In the healthcare sector, the IoT gathers, transmits and analyzes data such as Electronic Health Records (EHR) containing Personally Identifiable Information (PII), Personal Health Information (PHI), and other machine-generated healthcare data. But this diffuse layered sensor-based environment is fraught with security and privacy challenges. Interoperability is also a problem because industry silos exist, comprised of competing vendor applications. Standards development organizations such as ISO are working to create IoT umbrella standards to promote interoperability. Kantara is working on digital identification and authentication, to ensure efficient, interoperable information delivery.
But this new technology offers as many problems as solutions. Some security experts have even said that the IoT cannot be secured.
There is another promising technology on the horizon called Software-Defined Anything (SDx) that might help resolve some of the challenges HIT IoT faces. The combination of SDx and IoT technology spells more control over all types of medical devices and assets. SDx has been described as a system where software virtual machine “rules over numerous connected machines while directing many different types of user activity.”[1] SDx will be able to control HIT sensor-based hardware systems, thereby allowing it to collect data from a wide range of devices.
SDx can encompass several related technologies, such as the Software Defined Perimeter (SDP) research project, which is being led by the Cloud Security Alliance (CSA). The SDP approach to perimeter security focuses on the integration of “device authentication, identity-based access and dynamically provisioned connectivity.” The SDP security model has been shown to stop “all forms of network attacks including DDoS, Man-in-the-Middle, Server Query (OWASP10) as well as Advanced Persistent Threat (APT).”

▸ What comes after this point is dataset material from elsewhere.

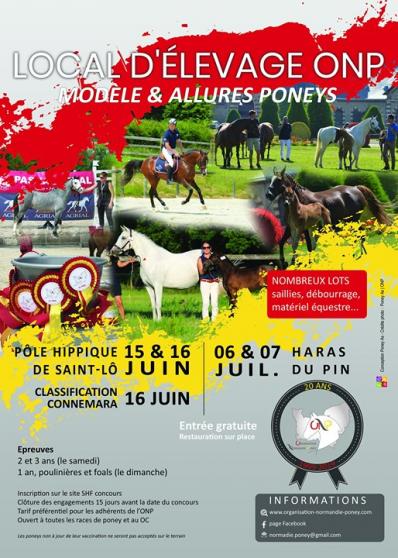 Concours local modèle & allures poneys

SDx is set to “change the world as we know it, much as the Internet has reordered the business landscape over the last decade. With SDx, if you can think it, it has the potential to become reality,” according to researchers at the Idaho National Laboratory. “The framework behind SDx enables applications to understand, predict and deliver reliable capabilities and experiences to the end user regardless of location or device…The results will yield repeatable, sustainable, secure solutions that reduce costs and quickly deliver innovation into the hands of users securely and without traditional constraints.”[2]
Contributed by: Judy Fincher
[1] Techopedia blog, by Cory Janssen, co-founder of Janalta Interactive, Inc., the parent company of Techopedia and its content editor.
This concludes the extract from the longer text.